[comp.sys.isis] Tool for getting single answer back from broadcast

jyl@noam.Eng.Sun.COM (Jacob Levy) (01/30/91)

Sometimes you do a broadcast and want to get exactly one answer
back. The standard example is retrieval of replicated data. In
this case it is OK to wait only for one answer since the other
ones are redundant. ISIS currently still broadcasts to all
members of the group.

My question is: would it be possible to have a tool which, given
a PG address, would try getting the answer from each process in
turn, only attempting to broadcast to the next one after the
current one hasn't answered?

The delay caused by the use of such a tool in the general case
where no failures occur should be the same as that of
broadcasting to the entire group, since we'd be waiting for the
first answer anyway. There are probably a lot of tricky issues
wrt maintaining causality, e.g. those processes that did not
receive the broadcast must still behave as if they are in the
causal path of the broadcast.

--JYL

ken@gvax.cs.cornell.edu (Ken Birman) (01/30/91)
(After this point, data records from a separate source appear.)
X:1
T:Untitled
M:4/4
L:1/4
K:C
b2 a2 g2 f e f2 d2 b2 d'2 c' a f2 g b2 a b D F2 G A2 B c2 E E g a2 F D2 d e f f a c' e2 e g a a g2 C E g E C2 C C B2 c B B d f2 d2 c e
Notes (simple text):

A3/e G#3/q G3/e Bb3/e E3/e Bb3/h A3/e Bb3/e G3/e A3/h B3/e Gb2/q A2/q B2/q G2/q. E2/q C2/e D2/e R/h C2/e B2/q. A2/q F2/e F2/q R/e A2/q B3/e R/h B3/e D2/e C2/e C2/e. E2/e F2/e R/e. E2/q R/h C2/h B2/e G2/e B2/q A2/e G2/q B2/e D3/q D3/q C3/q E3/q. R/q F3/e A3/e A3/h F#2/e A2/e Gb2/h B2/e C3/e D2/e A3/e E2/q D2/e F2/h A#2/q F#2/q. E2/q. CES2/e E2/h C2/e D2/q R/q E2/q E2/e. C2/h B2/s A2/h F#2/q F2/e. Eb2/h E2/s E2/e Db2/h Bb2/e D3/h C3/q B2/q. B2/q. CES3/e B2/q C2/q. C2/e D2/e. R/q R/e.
In article <6934@exodus.Eng.Sun.COM> jyl@noam.Eng.Sun.COM (Jacob Levy) writes:
>Sometimes you do a broadcast and want to get exactly one answer
>back. The standard example is retrieval of replicated data. In
>this case it is OK to wait only for one answer since the other
>ones are redundant. ISIS currently still broadcasts to all
>members of the group.
>
>My question is: would it be possible to have a tool which, given
>a PG address, would try getting the answer from each process in
>turn, only attempting to broadcast to the next one after the
>current one hasn't answered?
>
>The delay caused by the use of such a tool in the general case
>where no failures occur should be the same as that of
>broadcasting to the entire group, since we'd be waiting for the
>first answer anyway. There are probably a lot of tricky issues
>wrt maintaining causality, e.g. those processes that did not
>receive the broadcast must still behave as if they are in the
>causal path of the broadcast.
>
>--JYL

This is a good suggestion and in fact we have been planning to add an
ISIS interface for this purpose.  It would be presented as a "repeated
RPC".  In fact, ISIS has something along these lines now -- in the remote
exec tool.  We just need to break it out and clean up the interface to it.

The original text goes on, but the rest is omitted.